For us, especially after the events of last week and today, the existence of Aldrich Hall presents itself as a paradox.
We are told that there are no more Winter Palaces to storm, and to a large degree, this is true. But we continue to find ourselves fixated on Aldrich Hall. The sit-in last week found itself in the position of returning to Aldrich, and the supporters outside reenacted the storming of the Bastille. This is not a fault of the movement, but rather an understanding that in our un-community, un-place, there is nothing else to be done besides attack Aldrich. And indeed the administration does see Aldrich’s strategic importance–if it were not worth attacking, why would they take such great pains to shut down the building every time someone sneezes?
Aldrich is the central nervous system of the university apparatus, more so than the administration buildings anywhere else. I mean, we have the Chancellor’s office, Financial Aid, the Registrar, Payroll, Undergraduate Dean, and 6 stories of essential functions. Even the Academic Senate is moving into Aldrich in the Spring to further centralize administrative control. This means that on our campus, there is nothing besides Aldrich to attack.
During the March 4 rally, we saw something unique. With over a dozen police locked inside Aldrich, students decentralized their reproach of the university precisely by leaving the university itself. It made sense in that instant that they needed to leave the campus to properly realize and attack it, rather than fight within the heart of the beast. Even so, the protest returned to Aldrich Hall before fizzling out soon after. This is no small coincidence: the fact that the storming of our own tsar’s palace actually demobilizes us perhaps signals that we’re taking the entirely wrong approach to thinking about resistance and space.

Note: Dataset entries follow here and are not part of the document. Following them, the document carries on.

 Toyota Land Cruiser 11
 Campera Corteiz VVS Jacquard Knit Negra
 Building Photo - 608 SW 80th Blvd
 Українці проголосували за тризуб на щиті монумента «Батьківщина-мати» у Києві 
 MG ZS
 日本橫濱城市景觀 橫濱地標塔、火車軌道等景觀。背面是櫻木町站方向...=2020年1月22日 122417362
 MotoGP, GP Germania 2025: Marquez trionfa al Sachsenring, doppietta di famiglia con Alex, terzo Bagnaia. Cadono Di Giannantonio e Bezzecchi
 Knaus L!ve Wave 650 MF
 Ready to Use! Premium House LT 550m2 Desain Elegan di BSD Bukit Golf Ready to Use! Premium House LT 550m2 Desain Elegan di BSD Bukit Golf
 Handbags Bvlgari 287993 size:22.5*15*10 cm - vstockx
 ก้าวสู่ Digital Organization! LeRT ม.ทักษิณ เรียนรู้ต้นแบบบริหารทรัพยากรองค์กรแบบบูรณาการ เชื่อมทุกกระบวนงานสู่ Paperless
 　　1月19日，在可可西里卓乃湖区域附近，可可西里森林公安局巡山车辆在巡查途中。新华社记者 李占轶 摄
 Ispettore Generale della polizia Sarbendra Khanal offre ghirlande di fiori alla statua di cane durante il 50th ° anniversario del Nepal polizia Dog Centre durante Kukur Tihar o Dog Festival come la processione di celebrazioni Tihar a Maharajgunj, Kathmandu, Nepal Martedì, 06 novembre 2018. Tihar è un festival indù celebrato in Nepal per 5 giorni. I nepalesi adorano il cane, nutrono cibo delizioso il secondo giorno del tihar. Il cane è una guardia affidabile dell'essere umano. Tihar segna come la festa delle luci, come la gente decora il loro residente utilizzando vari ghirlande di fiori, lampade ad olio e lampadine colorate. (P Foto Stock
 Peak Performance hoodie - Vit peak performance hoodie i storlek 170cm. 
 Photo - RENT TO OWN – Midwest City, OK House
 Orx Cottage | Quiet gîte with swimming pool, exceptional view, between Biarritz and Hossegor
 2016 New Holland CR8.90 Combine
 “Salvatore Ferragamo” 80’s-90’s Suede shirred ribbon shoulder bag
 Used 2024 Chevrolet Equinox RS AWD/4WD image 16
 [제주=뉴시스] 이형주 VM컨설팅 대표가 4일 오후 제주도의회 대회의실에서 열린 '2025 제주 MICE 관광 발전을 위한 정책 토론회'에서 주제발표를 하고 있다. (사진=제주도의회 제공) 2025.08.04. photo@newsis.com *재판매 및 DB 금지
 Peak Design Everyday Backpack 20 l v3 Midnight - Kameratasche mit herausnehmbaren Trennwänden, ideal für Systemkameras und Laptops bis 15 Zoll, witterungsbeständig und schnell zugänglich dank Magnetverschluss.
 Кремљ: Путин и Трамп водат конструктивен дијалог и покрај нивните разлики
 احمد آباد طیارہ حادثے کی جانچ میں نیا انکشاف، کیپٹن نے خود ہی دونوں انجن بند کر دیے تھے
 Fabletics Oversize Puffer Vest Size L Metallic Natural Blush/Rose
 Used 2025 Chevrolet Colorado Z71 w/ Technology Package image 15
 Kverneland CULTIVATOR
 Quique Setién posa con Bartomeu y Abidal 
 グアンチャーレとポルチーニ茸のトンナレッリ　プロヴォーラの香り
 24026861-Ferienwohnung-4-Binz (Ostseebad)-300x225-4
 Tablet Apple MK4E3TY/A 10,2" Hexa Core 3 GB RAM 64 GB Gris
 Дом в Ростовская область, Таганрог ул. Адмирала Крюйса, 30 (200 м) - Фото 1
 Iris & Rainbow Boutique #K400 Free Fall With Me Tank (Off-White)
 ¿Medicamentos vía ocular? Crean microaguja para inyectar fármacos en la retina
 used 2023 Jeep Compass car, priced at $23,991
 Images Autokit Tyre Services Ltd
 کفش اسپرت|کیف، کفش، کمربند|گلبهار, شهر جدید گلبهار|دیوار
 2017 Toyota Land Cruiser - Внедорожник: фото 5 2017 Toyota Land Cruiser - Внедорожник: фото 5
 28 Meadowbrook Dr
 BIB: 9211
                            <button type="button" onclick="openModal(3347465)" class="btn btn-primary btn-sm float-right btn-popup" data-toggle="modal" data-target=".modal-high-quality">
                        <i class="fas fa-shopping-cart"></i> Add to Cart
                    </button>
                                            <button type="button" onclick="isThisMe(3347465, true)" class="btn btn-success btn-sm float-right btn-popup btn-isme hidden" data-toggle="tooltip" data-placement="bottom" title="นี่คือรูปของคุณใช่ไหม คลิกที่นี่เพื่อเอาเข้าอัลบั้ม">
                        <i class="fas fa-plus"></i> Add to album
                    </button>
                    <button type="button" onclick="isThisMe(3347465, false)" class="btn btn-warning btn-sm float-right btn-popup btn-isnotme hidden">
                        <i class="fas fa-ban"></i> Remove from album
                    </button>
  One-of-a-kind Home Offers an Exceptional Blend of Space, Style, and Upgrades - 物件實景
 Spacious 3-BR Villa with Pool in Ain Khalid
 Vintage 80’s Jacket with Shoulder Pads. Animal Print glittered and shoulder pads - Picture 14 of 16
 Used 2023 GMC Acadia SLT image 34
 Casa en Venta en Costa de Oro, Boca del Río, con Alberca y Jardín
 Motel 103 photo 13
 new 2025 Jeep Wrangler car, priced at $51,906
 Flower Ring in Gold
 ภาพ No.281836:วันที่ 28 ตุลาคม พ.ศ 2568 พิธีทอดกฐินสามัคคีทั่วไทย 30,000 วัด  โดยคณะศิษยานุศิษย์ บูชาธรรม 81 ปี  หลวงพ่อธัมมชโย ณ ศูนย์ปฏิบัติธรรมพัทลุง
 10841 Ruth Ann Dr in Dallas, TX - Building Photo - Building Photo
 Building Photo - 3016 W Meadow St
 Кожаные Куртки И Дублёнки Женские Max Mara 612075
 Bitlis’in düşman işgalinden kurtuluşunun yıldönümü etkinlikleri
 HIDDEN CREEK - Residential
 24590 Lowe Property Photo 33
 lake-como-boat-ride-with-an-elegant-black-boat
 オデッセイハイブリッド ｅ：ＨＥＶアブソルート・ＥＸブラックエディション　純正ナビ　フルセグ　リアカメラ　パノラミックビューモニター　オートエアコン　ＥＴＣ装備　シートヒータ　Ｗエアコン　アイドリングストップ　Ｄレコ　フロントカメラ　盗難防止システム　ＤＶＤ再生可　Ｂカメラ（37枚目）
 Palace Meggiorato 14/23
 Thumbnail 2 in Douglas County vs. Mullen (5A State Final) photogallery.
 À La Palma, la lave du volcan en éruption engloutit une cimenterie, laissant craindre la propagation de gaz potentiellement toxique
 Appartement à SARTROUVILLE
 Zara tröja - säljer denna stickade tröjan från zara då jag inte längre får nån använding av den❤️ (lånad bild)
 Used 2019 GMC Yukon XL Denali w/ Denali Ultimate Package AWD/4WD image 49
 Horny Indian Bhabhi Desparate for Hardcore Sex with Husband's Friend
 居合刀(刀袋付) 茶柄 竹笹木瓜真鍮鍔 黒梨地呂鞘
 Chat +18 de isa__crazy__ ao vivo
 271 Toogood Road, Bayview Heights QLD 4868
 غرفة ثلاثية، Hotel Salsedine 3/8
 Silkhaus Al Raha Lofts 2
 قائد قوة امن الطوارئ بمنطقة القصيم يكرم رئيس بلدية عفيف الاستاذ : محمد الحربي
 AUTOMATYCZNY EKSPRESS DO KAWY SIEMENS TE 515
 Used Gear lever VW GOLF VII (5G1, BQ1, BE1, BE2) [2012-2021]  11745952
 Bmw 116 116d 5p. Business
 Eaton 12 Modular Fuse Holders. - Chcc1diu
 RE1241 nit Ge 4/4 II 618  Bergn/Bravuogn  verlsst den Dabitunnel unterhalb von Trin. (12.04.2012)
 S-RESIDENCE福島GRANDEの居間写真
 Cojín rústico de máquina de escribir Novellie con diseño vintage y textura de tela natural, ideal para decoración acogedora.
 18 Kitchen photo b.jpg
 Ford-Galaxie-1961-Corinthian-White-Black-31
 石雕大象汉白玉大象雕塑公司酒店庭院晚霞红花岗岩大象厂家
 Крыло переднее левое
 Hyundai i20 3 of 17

If attacking the enemy demobilizes us, what does this mean for us? I won’t pretend to have an answer, but will suggest that we need to understand this crisis as something altogether different than the single-issue struggles we are used to finding, and therefore will require unimaginable tactics to succeed.
But it is hard to deny the appeal and importance of Aldrich as a target. If the police are so ready to close the building, then Aldrich may serve as a metaphor for control of the campus. So long as Chancellor Drake and Chief Henisey control Aldrich, no matter what goes down elsewhere on campus and in Irvine, they control students and the campus community. If students can manage to take back Aldrich, then they can begin to destroy the oppressive structures that exist within the university. But it will still take something else to construct something better.